[Opening EXTRACTED RECORDS section]

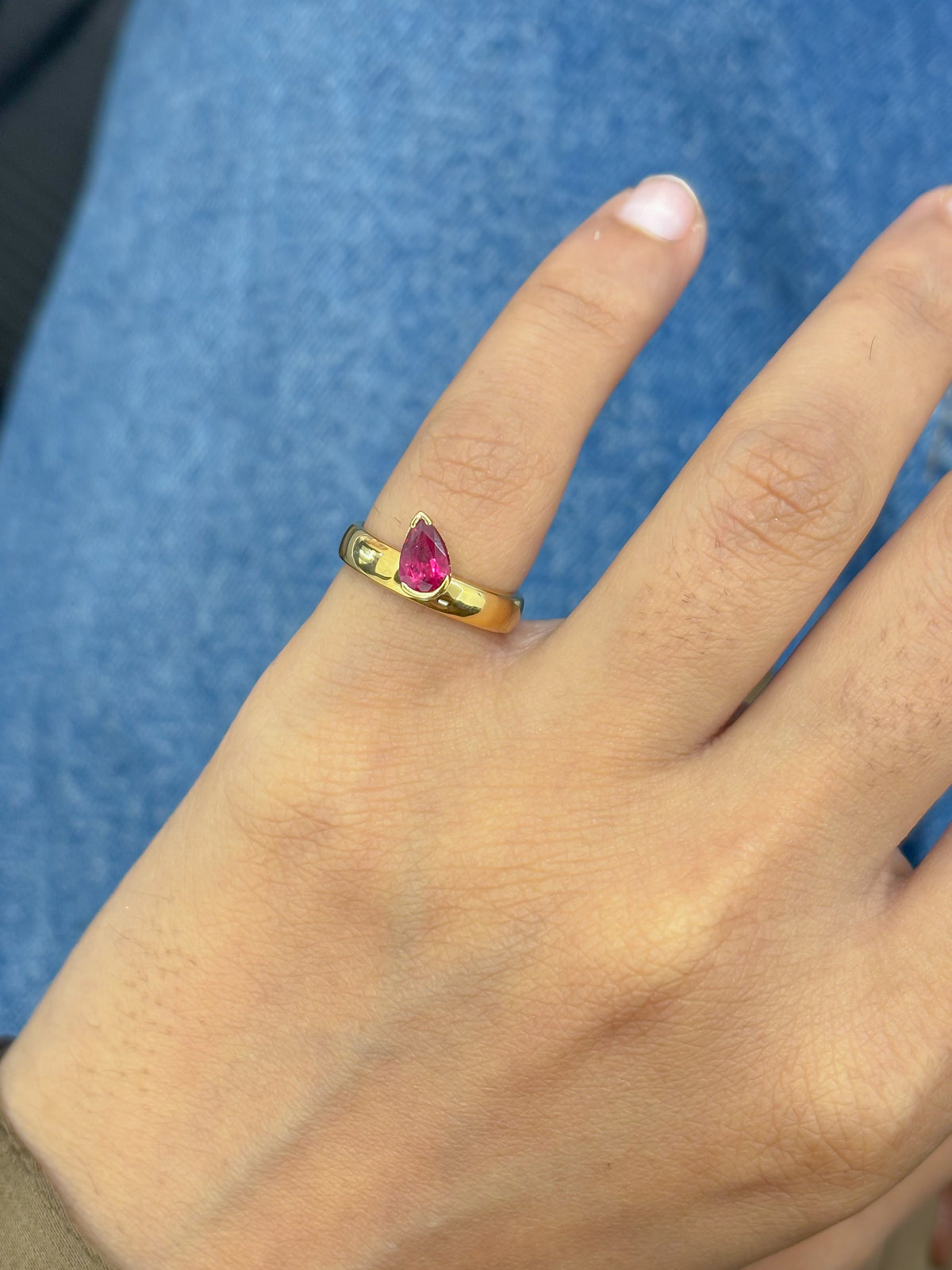 Ruby Pinky Ring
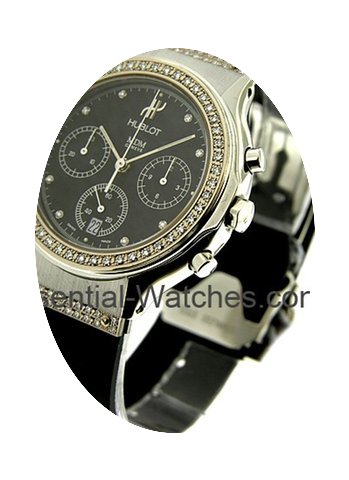 Hublot Elegant Chronograph in Steel with...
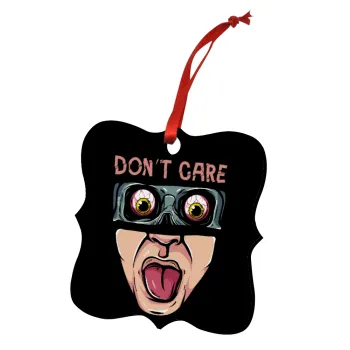 Don't Care, Στολίδι Χριστουγεννιάτικο στολίδι polygon ξύλινο 7.5cm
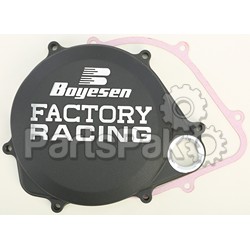 Boyesen CC-06CB; Factory Racing Clutch Cover Black; 2-WPS-59-7206CB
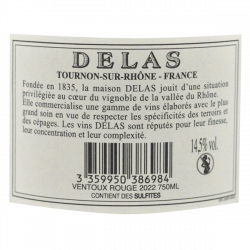 Delas Ventoux rouge 2022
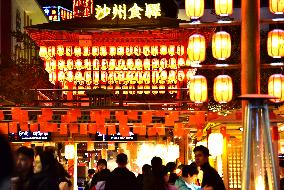 Nght Market in Dunhuang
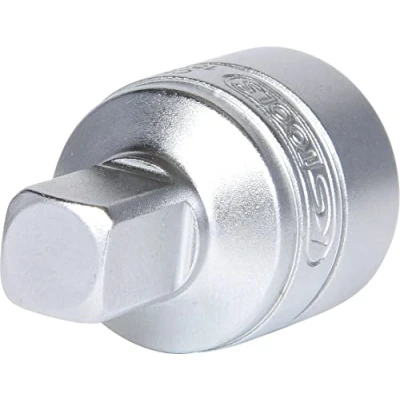 Imagen de KS TOOLS 150.1416 Piezas insertables de llave cubo DIN 3120, ISO 1174, ISO1174 8 Acero cromo vanadio cuadrado, Cuadrado interior magnético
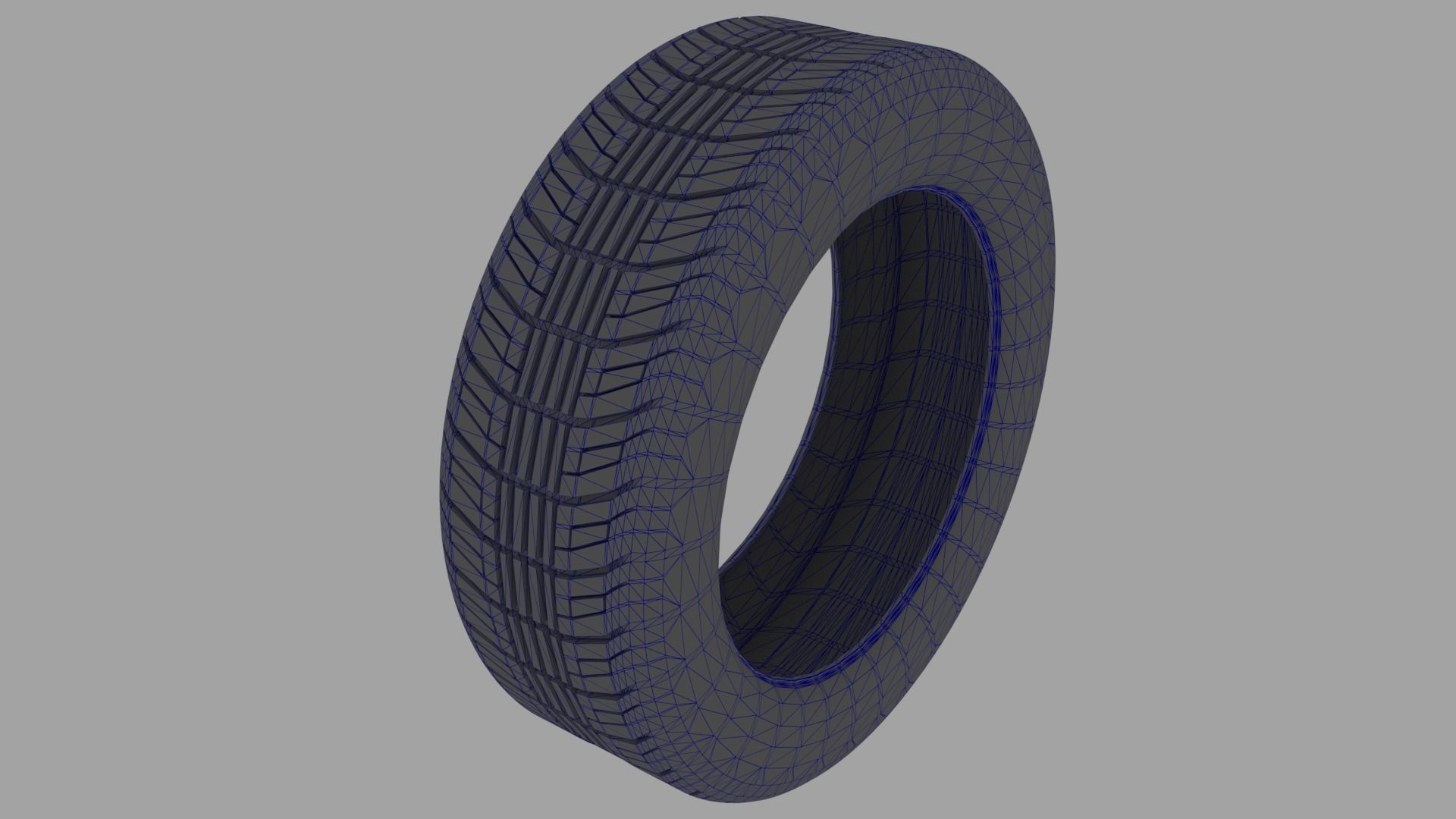 Generic Car Tire 3D model_1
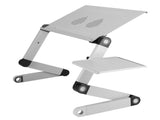 Aluminum Alloy Laptop Desk with Cooling Fan Portable Adjustable Lifting Folding Table for Home V1294-YM0901-3116210062511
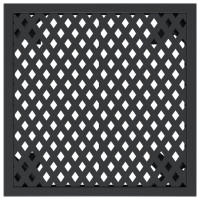 Produktbild för Trädgårdsbord antracit 50x50x72 cm stål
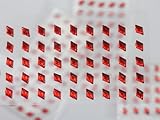 6x4mm Red LQ17 Stick On Diamond Gems For Cards And Invitations - 50/SHT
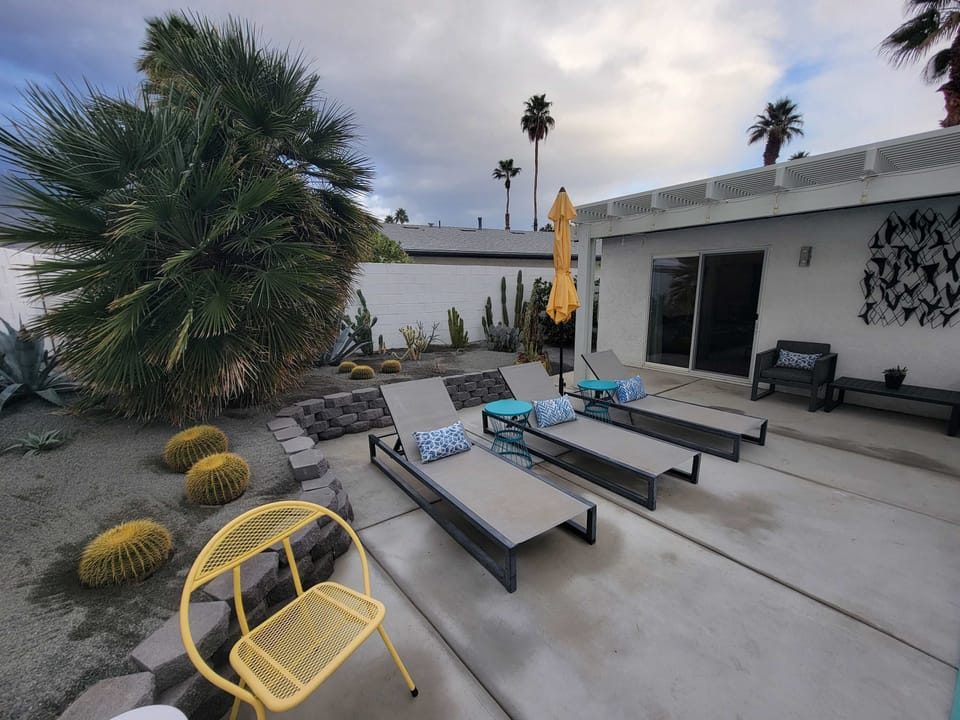An expanded lounge area, adjacent to the pool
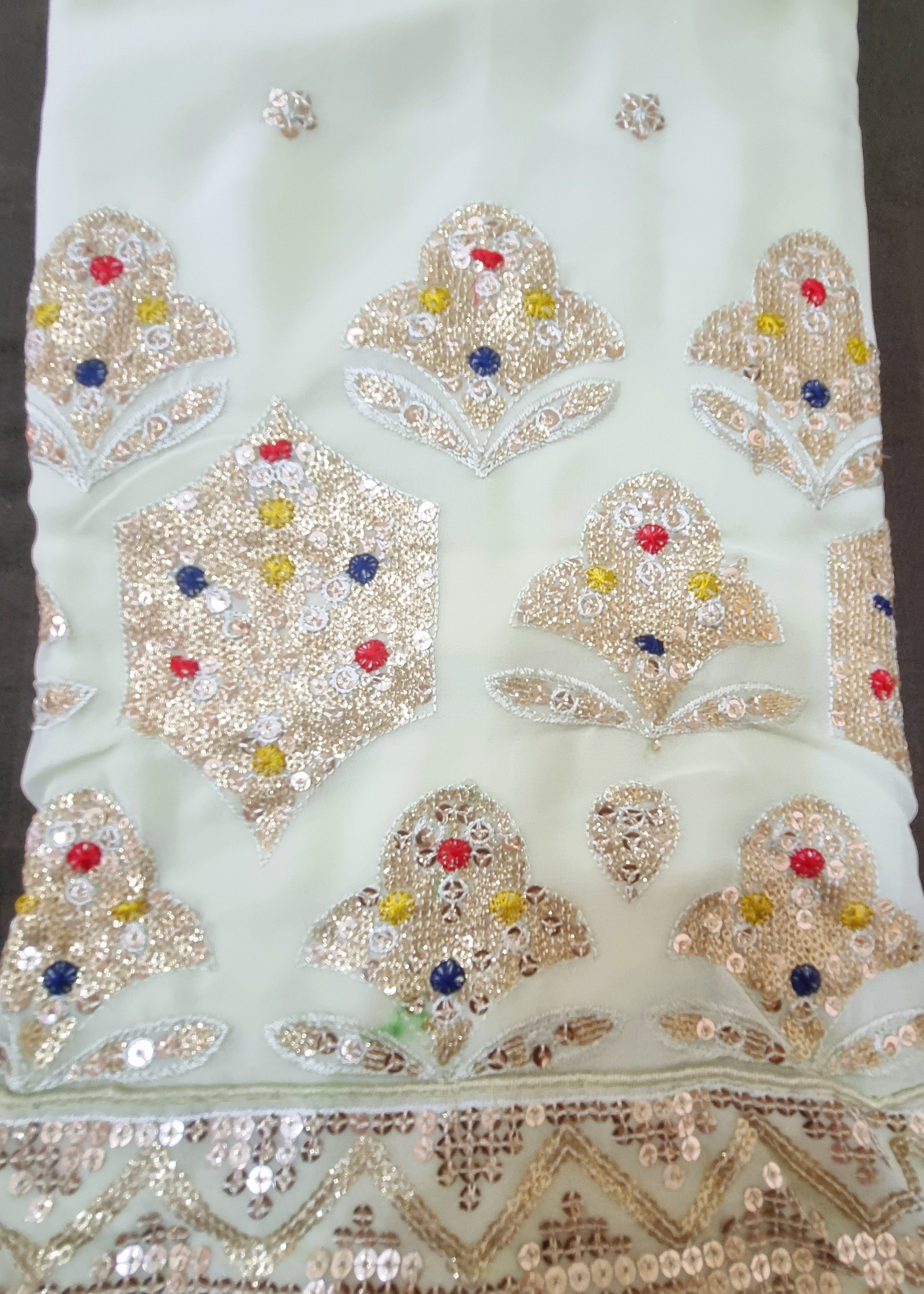 PURE GEORGETTE SEQUENCE WORK DRESS MATERIAL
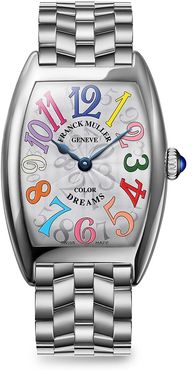 Cintree Curvex 35MM Color Dreams Stainless Steel Watch - Silver
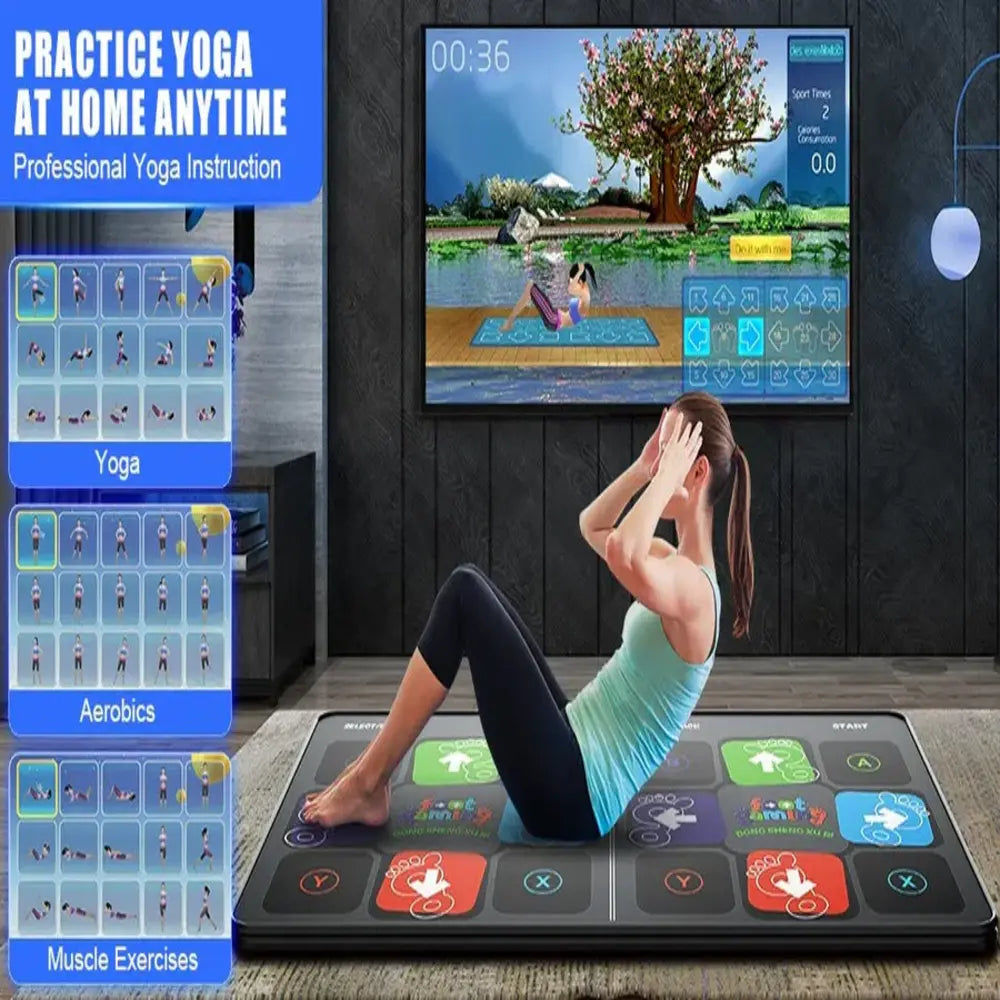 Dance Mat Game HDMI TV Connection 144 Songs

[Closing EXTRACTED RECORDS section]

REQUIRED WORK -> Repeat verbatim the lines between the start of the data and the line containing "Generic Car Tire 3D model_1", both ends included, omitting all pictures.

TASK OUTPUT ->
 Ruby Pinky Ring
 Hublot Elegant Chronograph in Steel with...
 Don't Care, Στολίδι Χριστουγεννιάτικο στολίδι polygon ξύλινο 7.5cm
 Boyesen CC-06CB; Factory Racing Clutch Cover Black; 2-WPS-59-7206CB
 Delas Ventoux rouge 2022
 Nght Market in Dunhuang
 Imagen de KS TOOLS 150.1416 Piezas insertables de llave cubo DIN 3120, ISO 1174, ISO1174 8 Acero cromo vanadio cuadrado, Cuadrado interior magnético
 Generic Car Tire 3D model_1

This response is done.